Most systems in this program have subcontractors working for them. Using your subcontractors as extra eyes and ears can provide you with additional sources information about what’s going on in your system if you give them the tools to do so.
While some systems rely more on outside resources than others do, only a very few have none at all. Contractors cross the spectrum from meter readers to engineers. They often include ROW crews, trenching contractors, line construction firms, and pole inspection technicians. All of these contractors come to work in, or even on, your distribution system. They are there already; they have both the access and the interest; why not take advantage of that? You only need to ask, and then provide them with the necessary training, to tap into this additional resource.
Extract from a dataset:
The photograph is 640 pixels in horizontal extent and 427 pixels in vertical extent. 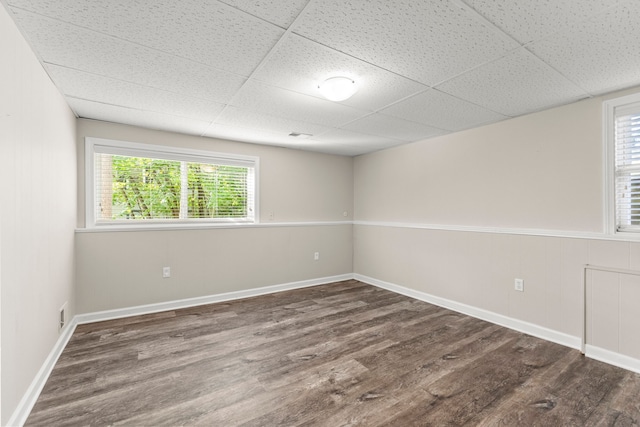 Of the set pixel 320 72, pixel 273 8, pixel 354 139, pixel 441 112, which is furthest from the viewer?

Of course, different types of contractors may need relatively less or more guidance, but you can train even the least experienced meter-reading contract worker in the basic facts needed to spot the kind of open and obvious hazards you would want to have reported. After all, you all ready know how to train those members of your own staff, such as office workers, who have no real technical line work knowledge or experience and they get the message, right? Why not give these subcontractors’ workers this same type of instruction? You could even ask them to join the session you are doing for the staff if you prefer not to hold another, separate session for the contractors. Either way, you can give these workers the basic knowledge they need to spot these issues and tell them just how to get the information into the proper hands.
Many systems we visit are doing this for their contractors and most of them have a story to tell about a case where this paid off for them. Some have even set up formal programs to reward workers, often for the contract meter readers, for every defect that they spot and report. In some cases, hazard identification training and requirements for defect reporting have been incorporated into the formal provisions of the written contract. (You do require written contracts for all subcontractors, we trust.)
Another advantage of taking this approach is that by doing so you are sending a clear message to the employees of your contractors, one that reinforces the value of safety and doing things right. And, in the end, it is much more efficient and cost effective to take advantage of the assets you already have at your disposal than it is to go out and hire more help.